Grant Sanders

Immune System Wiki Homework. (Chapter 7)

7.2 Lymphatic System
For each of the following define their function and include their role in immunity (the ability to combat disease). (p.127-128)
Red bone marrow- produces all types of blood cells, and they also produce white blood cells help fight disease.
thymus gland- The thymus gland produces thymic hormones, and if they live they attack pathogens.
Spleen- filters blood, and a person with a spleen is more open to infections.
lymph nodes- filter lymph, and doctors believe that the lymph node swells because it is fighting deadly diseases.

7.3 Nonspecific Defenses (p. 128-130)

Describe the barriers to entry and include their role in immunity
Skin and mucous membranes- Intact skin is a generally very effective physical barrier that prevents disease.
Chemical Barriers- Chemical barriers are oil glands of the skin, and it contains an antibacterial that washes bacteria from the body called lysozyme.
Resident Bacteria- A chemical barrier to infection that usually reside in the mouth, intestine, and other areas.

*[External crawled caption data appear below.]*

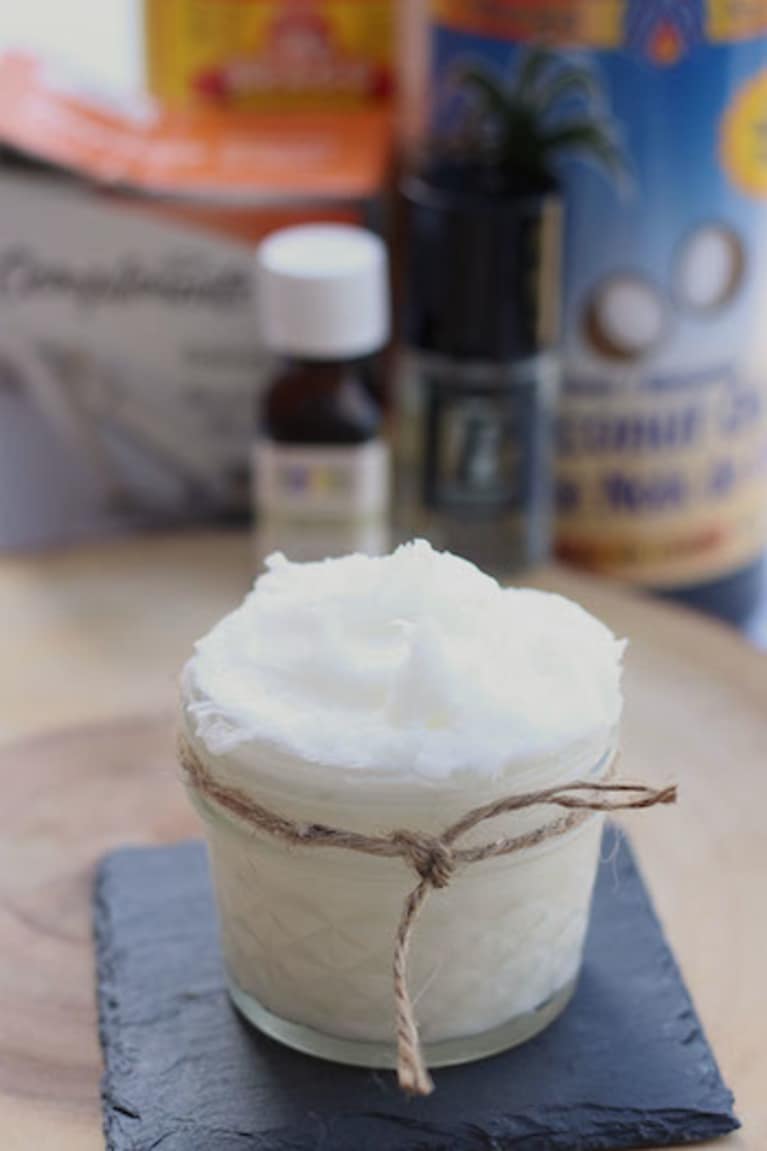 12 DIY Ways To Use Coconut Oil In Your Beauty Routine mindbodygreen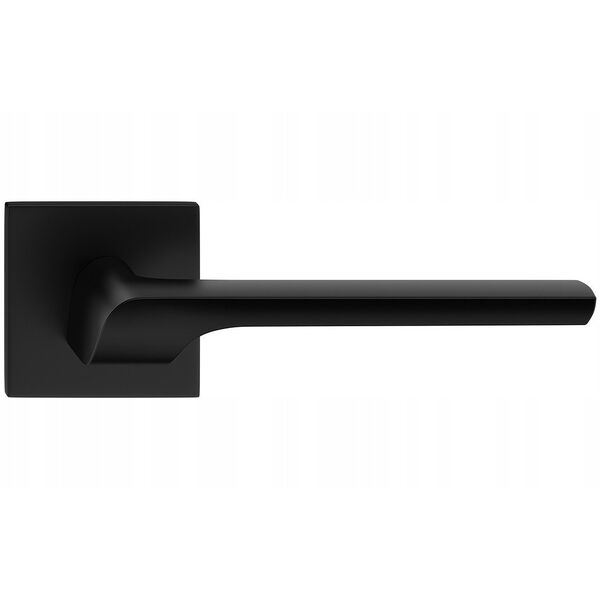 HANDLE DOOR ZOYA K FIT BLACK
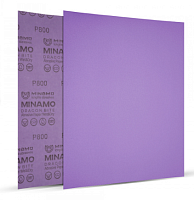 Бумага наждачная шлифовальная Minamo P100 Dragon Bite, 280 x 230 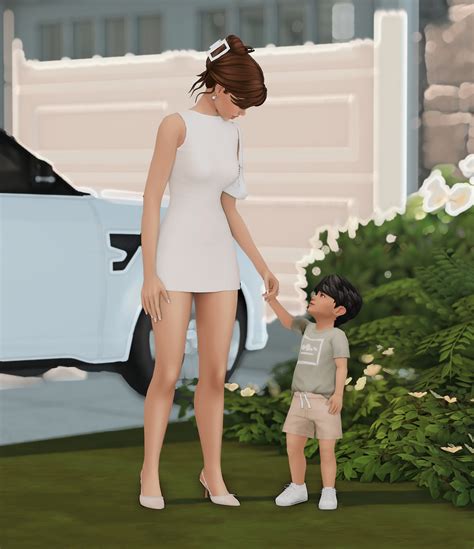 Saigey's Sims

Define the players in the inflammatory response
Histamine- A chemical mediator released by damage tissue cells.
mast cells- cause the capillaries to dilate and become more permeable.
pus- If neutrophils die off in great quantity, they become a yellow- white substance we call pus.
cytokines- If the neutrophils are overwhelmed, they call for reinforcements by this secreting chemical mediator.
macrophages.- More powerful phagocytes than nuetrophils.

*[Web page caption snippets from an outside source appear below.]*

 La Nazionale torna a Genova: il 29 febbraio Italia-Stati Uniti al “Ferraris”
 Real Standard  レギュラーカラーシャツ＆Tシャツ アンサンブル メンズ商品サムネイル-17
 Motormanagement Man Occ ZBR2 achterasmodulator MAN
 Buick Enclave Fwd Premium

List the four steps in the inflammatory response (figure 7.9)
1. Injured tissue cells and mast cells release histamine, which causes capillaries to dilate and increases blood flow.
2. Macrophages and dendritic cells phagocytize pathogens and release cytokines, which stimulate the inflammatory response.
3. Nuertophils and monocytes squeeze through the capillary wall and phagocytize pathogens.
4. Blood clotting walls off capillary and prevents blood loss.

Describe the complement system and its role in immunity.
They are known to compliment certain immune responses, and they are composed of a number of blood plasma proteins.
Describe the membrane attack complex and its role in immunity.
They produce holes in the surface of bacteria and some viruses. Fluids and salts then enter the bacteria cell or virus to the point that they burst.
Describe interferon and its role in immunity.
Proteins produced by virus- infected cells as a warning to noninfected cells in the area. Interferons are used to treat such diseases as hepatitis C.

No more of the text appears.